Great Vengeance and Furious Fire
The title of The Heavy’s introduction to the world of label land invokes mental images of a Jheri curled Samuel L. Jackson, eyes wide and spewing biblical verses at a man he’s about to shoot. Great Vengeance and Furious Fire, when thrown on the stereo, continues the ’70s soulful exploitation film/Tarantino vibe that its title inspires. Any band that can get me thinking about Pulp Fiction is a band worth listening to!
This British import hails from the countryside of Bath, though the music sounds as if it were dredged up from the dirt and grime of a big city red light district.
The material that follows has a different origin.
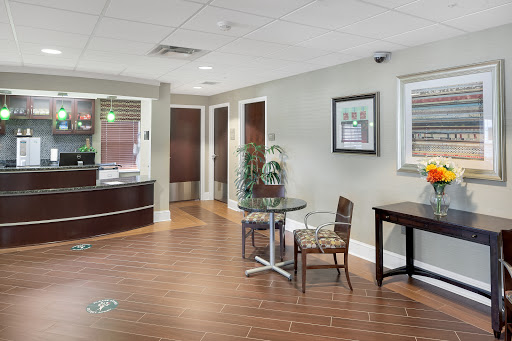 A modern office waiting area featuring a reception desk, seating, and decorative plants.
Steeped in the sexual falsetto of a dude named Swaby, and layered deep with soul and funk rarely played with as much conviction as The Heavy manages, these ten songs accomplish what a band like Louis XIV hinted at over the course of two full albums.
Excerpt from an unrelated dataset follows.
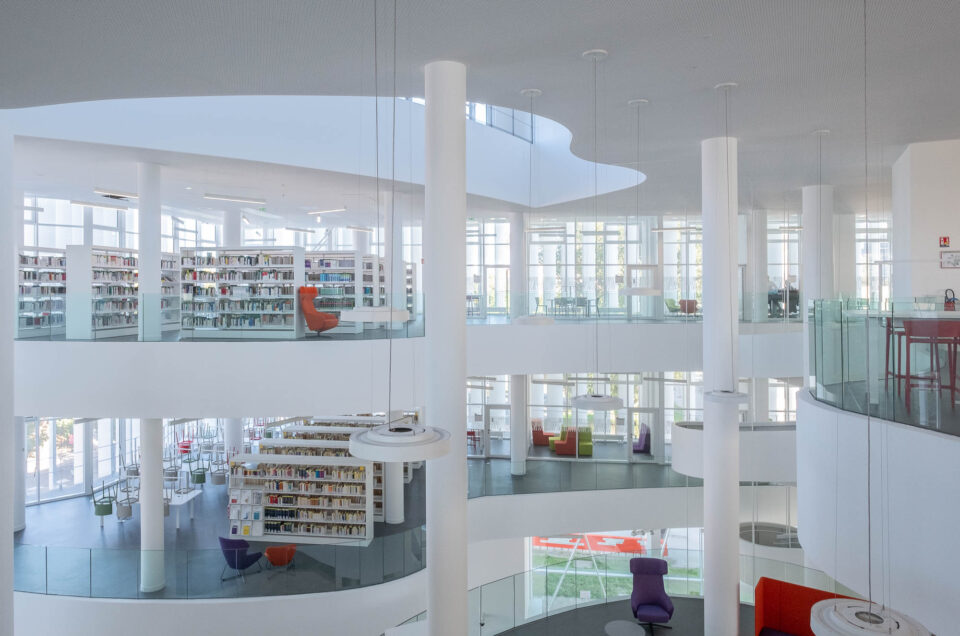 A contemporary, multilevel library with curved balconies and tall white columns. Filled bookshelves and colourful seats contrast against the grey and white surroundings. Natural light comes from large windows at the back.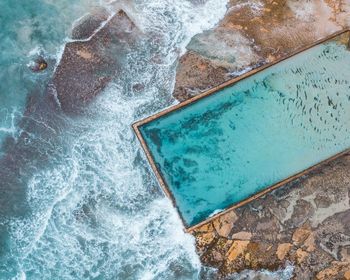 Aerial view of swimming pool by sea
Not every song reaches levels of brilliance, but even when this band takes cheeky chances, as on the slow candid rap of “Girl,” it’s still sincere enough to end up adoring.
The opening half of this album is the strongest. “Brukpocket’s Lament,” “Coleen,” “Set Me Free,” “That Kind of Man,” and “Doing Fine” would have made one flawless EP. Though the second half loses a bit of its punch, this album is still one fierce release.